The pigeon-holing mentality may always have been with us in one form or another. The Swedish symphonist Franz Berwald became ‘The Berlioz of the North’, just as Bruges is sometimes compared in similar terms with Venice, or St Petersburg with Buenos Aires. ‘Wagner is the Puccini of music’, allegedly wrote J B Morton with mischief firmly in mind, and the jibe has been widely quoted since, both ways about. In similar vein, York Bowen has acquired an ‘English Rachmaninov’ label. Although there is some demonstrable justice in this where the fifth and sixth piano sonatas are concerned, it represents but a part of the truth and oversimplifies the climate of Bowen’s formative years.

Edwin Yorke Bowen was born on 22 February 1884 at Crouch Hill, London, the third son of the founder of Bowen & McKechnie, whisky distillers. After piano studies with Alfred Izard at Blackheath Conservatoire, in 1898 Bowen won the Erard Scholarship of the Royal Academy of Music, with which he was to remain associated for the rest of his life. Dropping his baptismal name and the ‘e’ of ‘Yorke’ early in his career, he became a devoted student of the famously eccentric Tobias Matthay (1858–1945).

Bowen was also an accomplished violist and horn player, in the latter capacity joining the regimental band of the Scots Guards at the start of the Great War. Invalided home with pneumonia in 1916, he became one of many for whom the harsh realities of the time brought artistic disappointment. Having married in 1912, Bowen spent his remaining years in faithful service to the RAM as a professor of piano, where, endearingly, his earlier discarding of ‘Edwin’ gave rise to the affectionate nickname ‘Uncle Yobo’ among generations of students. He died suddenly in November 1961 during a brief shopping excursion from his home, active to the last as a pianist and pedagogue, but also as a composer whose idiom had remained largely unaffected by the passage of years since his first successes. In this respect he invites comparison with his exiled Russian counterpart Nikolai Medtner.

When Bowen left the RAM in 1905 Liszt had been dead for only nineteen years and the reputations of many of his illustrious pupils were at their zenith. One must consider Liszt’s impact in terms of both pianistic innovation and personal charisma, adding to that a sense of the heady aesthetic which had led to such conceptions as Liszt’s Faust Symphony, Wagner’s Tristan, and the early tone poems of Richard Strauss. It is then easy to sense the zeal and excitement from a shared ideal which gripped many of Bowen’s generation. (‘Superb! I feel like climbing up the pillars’, exclaimed Holbrooke to the Bantock family after a London appearance by Strauss conducting his own music.) Disillusioning obscurity had not yet confronted them with Debussy’s eventual rejection of the Wagnerian ideal as ‘the twilight mistaken for the dawn’.

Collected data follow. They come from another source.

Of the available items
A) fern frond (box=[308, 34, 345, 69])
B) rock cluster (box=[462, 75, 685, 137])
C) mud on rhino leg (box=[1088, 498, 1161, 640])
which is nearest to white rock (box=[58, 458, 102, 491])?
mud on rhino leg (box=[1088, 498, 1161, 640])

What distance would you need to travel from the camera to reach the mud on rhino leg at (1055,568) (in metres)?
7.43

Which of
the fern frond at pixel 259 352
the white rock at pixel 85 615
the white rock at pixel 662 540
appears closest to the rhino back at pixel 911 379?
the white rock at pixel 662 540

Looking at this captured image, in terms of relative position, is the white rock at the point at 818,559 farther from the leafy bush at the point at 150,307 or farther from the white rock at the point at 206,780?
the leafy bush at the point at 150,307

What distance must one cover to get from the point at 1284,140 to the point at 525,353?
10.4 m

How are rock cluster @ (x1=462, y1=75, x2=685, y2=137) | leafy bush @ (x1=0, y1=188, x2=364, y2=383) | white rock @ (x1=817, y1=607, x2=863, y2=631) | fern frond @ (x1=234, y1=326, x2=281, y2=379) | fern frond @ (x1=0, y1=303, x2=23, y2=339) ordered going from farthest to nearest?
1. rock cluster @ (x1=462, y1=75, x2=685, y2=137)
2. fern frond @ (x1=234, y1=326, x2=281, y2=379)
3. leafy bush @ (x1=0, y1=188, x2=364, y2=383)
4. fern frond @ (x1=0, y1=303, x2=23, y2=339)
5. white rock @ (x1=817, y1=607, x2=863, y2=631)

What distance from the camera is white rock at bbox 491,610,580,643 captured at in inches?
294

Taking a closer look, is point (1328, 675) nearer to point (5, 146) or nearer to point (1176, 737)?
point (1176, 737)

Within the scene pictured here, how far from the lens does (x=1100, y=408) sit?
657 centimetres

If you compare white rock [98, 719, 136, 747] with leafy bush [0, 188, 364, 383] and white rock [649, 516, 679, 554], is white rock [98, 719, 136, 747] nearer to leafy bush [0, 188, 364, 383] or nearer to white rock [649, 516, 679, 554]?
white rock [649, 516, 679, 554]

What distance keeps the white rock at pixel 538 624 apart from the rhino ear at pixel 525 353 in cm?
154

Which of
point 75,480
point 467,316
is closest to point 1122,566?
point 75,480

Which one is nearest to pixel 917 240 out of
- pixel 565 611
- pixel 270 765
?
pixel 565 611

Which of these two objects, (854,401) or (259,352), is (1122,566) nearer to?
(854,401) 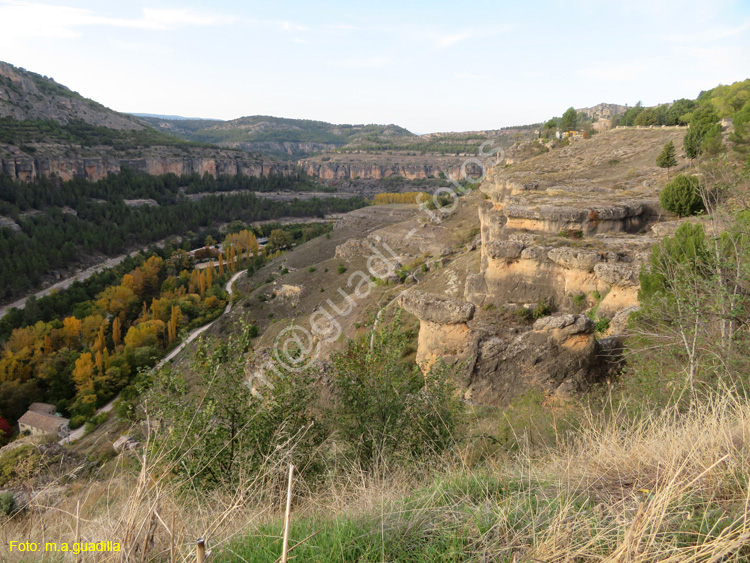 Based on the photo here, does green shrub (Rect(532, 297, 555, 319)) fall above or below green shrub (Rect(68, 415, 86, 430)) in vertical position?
above

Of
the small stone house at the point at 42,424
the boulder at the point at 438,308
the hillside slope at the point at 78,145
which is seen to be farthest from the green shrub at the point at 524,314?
the hillside slope at the point at 78,145

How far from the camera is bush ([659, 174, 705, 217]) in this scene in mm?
15828

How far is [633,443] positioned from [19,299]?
51917 mm

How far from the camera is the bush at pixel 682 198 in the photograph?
15828mm

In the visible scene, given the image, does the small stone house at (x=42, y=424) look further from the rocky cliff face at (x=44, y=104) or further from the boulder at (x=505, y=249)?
the rocky cliff face at (x=44, y=104)

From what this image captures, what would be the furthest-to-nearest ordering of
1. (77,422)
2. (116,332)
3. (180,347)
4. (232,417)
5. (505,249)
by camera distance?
1. (116,332)
2. (180,347)
3. (77,422)
4. (505,249)
5. (232,417)

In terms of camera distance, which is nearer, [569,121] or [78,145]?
[569,121]

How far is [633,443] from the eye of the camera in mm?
3689

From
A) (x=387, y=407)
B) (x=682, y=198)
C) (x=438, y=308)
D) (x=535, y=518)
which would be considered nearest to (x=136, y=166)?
(x=438, y=308)

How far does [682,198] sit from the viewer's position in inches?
628

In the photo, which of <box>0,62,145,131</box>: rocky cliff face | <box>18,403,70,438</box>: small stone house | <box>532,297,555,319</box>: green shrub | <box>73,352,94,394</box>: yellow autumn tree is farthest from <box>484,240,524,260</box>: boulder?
<box>0,62,145,131</box>: rocky cliff face

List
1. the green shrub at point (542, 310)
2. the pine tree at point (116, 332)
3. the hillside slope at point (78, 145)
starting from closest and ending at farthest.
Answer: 1. the green shrub at point (542, 310)
2. the pine tree at point (116, 332)
3. the hillside slope at point (78, 145)

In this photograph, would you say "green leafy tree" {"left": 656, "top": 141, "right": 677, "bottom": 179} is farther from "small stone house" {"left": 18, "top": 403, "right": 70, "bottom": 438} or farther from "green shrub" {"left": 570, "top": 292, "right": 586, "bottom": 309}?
"small stone house" {"left": 18, "top": 403, "right": 70, "bottom": 438}

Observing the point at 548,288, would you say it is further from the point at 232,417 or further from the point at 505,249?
the point at 232,417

Bowen was esteemed ‘the most remarkable of the young British composers’ by Saint-Saëns: an encomium arguably significant when coming from a composer who once averred that he himself composed ‘as easily as an apple tree produces apples’. While facility may be admired on one level, on another it becomes a risky label implying a lack of depth. Nonetheless, the stage was Bowen’s and he responded with three piano concertos between 1904 and 1908, performing Nos 1 and 3 under Hans Richter in the Promenade Concerts at The Queen’s Hall. By 1912 two symphonies had received favourable public notices. A fourth piano concerto followed in 1929. Bowen’s pianistic distinction, which surmounted the formidable demands of Lyapunov’s Transcendental Études and of Chopin, Liszt and Medtner, remained a focus for adulation in many quarters. However, in the years after 1912, Bowen’s position as a composer had changed drastically. The European musical establishment had been rocked by the scandalous 1913 premiere of Stravinsky’s Le sacre du printemps in Paris and by the advent of Schoenberg’s then notorious Pierrot lunaire the year before. Britain’s insularity might have put off the evil hour for latter-day romantics such as Bowen but for the apocalyptic shadow of the Great War, which effectively silenced even so great a voice as Elgar’s. Those who could not—or would not—swim sank, while Frank Bridge, a man of moral courage and creative resilience, found himself ultimately marginalized for his newly uncompromising utterance by a society still unable to bear very much reality.